Photo Credit: Arizona Cardinals

It’s official. After seven underwhelming seasons, the Arizona Cardinals have informed Kyler Murray that he will be released when the new league year opens on March 11, 2026. Murray, once the shiny Heisman Trophy winner, once the face of a franchise reborn, leaves the desert with a 38-48-1 record, one playoff appearance, zero playoff wins, and a parting message that said it all: “I am sorry I failed us.”

At least he’s self-aware.

The numbers tell the story without mercy. In seven years, Murray threw for 121 touchdowns against 60 interceptions. The Cardinals made the postseason exactly once: a 2021 wild-card appearance that ended in a 34-11 blowout loss to the Rams. The final chapter was even uglier: Murray played just five games in 2025 before a foot injury ended his season, and when backup Jacoby Brissett stepped in and promptly outplayed him, the writing was on the wall in neon.
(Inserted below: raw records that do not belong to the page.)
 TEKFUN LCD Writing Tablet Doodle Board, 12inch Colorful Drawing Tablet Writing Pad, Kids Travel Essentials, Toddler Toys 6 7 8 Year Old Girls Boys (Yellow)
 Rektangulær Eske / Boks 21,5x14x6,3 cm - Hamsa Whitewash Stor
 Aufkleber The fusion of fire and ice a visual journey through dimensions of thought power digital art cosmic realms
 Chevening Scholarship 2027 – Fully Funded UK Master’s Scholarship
Arizona is now on the hook for a staggering $54.7 million in dead cap money for 2026 alone… the price of admitting a $230.5 million mistake.

But here is the question that should haunt Cardinals fans for years: what if they had never made the pick at all?

Arizona held the No. 1 overall pick in 2019. The NFL draft trade value chart makes that pick arguably the most valuable asset in the sport. The Cardinals could have traded back — stockpiled first-round picks, second-rounders, players — and still likely remained in position to address quarterback. More painfully, they could have looked ahead. Sitting in what was still a rebuild, trading down in 2019 would have positioned them beautifully for the 2020 draft class, which featured a generational talent: Joe Burrow.

Joe Burrow. Photo Credit: Wikipedia

Burrow – calm, surgical, clutch – has since taken Cincinnati to a Super Bowl, consistently ranked among the elite quarterbacks in the league, and done it all without the drama, the contract chaos, or the infamous “homework clause.” He is, by nearly every measure, the superior quarterback Kyler Murray was always supposed to become but never did.

Instead, the Cardinals swung big, missed bigger, and now head into 2026 holding the No. 3 pick, a backup quarterback, and a mountain of dead money. The Murray era wasn’t just a disappointment: it was an entirely preventable one. Sometimes the biggest error isn’t the player you pick. It’s not having the patience to wait for the right one.